The Chicago mob will use the debt as another excuse to make even more severe personnel and budget cutbacks. FitzSimons already said as much during his electronic town meeting with the masses. And L.A. Times publisher/CEO David Hiller admitted this week that the newspaper is going ahead with planned staff reductions, which are expected to cut $7.5 million in costs but will add more drama to the ongoing theatrics between that paper’s management and newsroom. Little wonder, then, that the Tribune Co. was so eager to run a private company to “get us out of the glare of the public markets,” as FitzSimons said. After all, pressure from the relentlessly prying eyes of Wall Street led to the breakup of Knight Ridder Co. Tribune is now the second of this country’s three largest publishers to be sold in less than a year.
That said, the recent announcement by Newspaper Guild prez Linda Foley that she’ll help Trib employees coming up against muscle like Zell and FitzSimons was laughable. That’s like Meadow Soprano trying to give orders to Paulie Walnuts.

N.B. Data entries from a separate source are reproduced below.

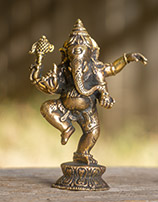 Ganesh statues or rupas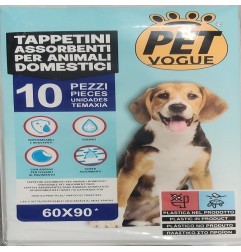 PET VOGUE TAPPETINI 60X90 X 10 ANIMALI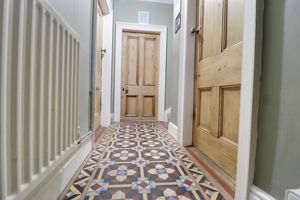 Minton Tiled Hallway- click for photo gallery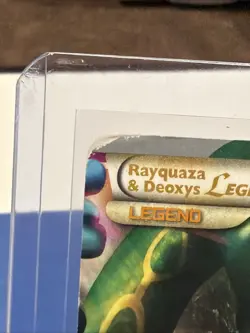 Pokemon Rayquaza Deoxys Legend World Championship 2011 90/90 BOTTOM ONLY (MP/HP) - Image 2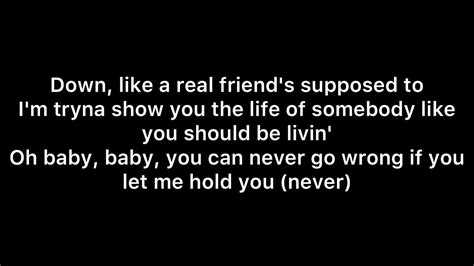 Bow Wow Let Me Hold You Ft Omarion Lyrics Youtube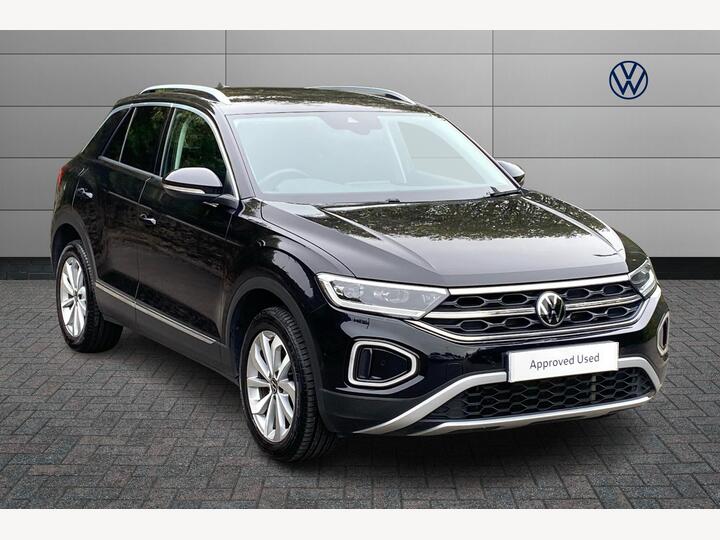 Volkswagen T-roc 1.5 TSI Style DSG Euro 6 (s/s) 5dr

How did things get so bad so quickly? Start with the boundless avarice of the Chandler family. Tribune purchased Times Mirror Co. from the Chandler family in 2000 for about $6.5 billion. In the years following that deal, Tribune’s stock began to fall, dropping about 50 percent from early 2004 until last spring. Since then, it has languished just above $30 per share, down from an all-time high above $60 in 1999. That wasn’t good enough for the Chandler family trusts, now Trib’s largest shareholder and prone to bitch and moan about money matters. They get a hefty payout, and a hefty tax liability, from the sale in exchange for their 20 percent stake in Tribune Co., worth about $1.6 billion.
To help raise cash, Zell and the Trib are selling the Chicago Cubs because it could fetch, say, $700 mil to $800 mil with Wrigley Field thrown in. Billionaire entrepreneur Mark Cuban, actor Bill Murray and columnist George Will are among those rumored to have interest, along with numerous Chicago business figures. If they put up the company’s Comcast SportsNet Chicago stake, that’s another $100 mil.
At a meeting at the company headquarters in Chicago Tuesday, Zell told some assembled senior execs from Tribune-owned newspapers and TV stations that he had every incentive to keep the those assets together for at least 10 years, if only to avoid a punishing tax bill. But that may not be the company's choice and depends on whether it can hold on to its hard-fought waivers of federal cross-ownership rules (forbidding companies from controlling both TV stations and newspapers in the same media markets). It doesn’t look good. There’s now a Democratic-controlled Congress and a Republican-controlled FCC both determined to re-examine media-consolidation issues. Already, consumer advocates are vowing to ask regulators to block the Trib/Zell deal on the grounds that it will give Zell too much clout in cities where Tribune owns both a major newspaper and TV station, including Los Angeles, New York, Chicago, Fort Lauderdale and Hartford.
Once, when a deal went down wrong, Tony Soprano quipped, “I’m like King Midas in reverse. Everything I touch turns to shit.” Surely, Trib employees can only hope that’s where the similarities between this sale and The Sopranos end.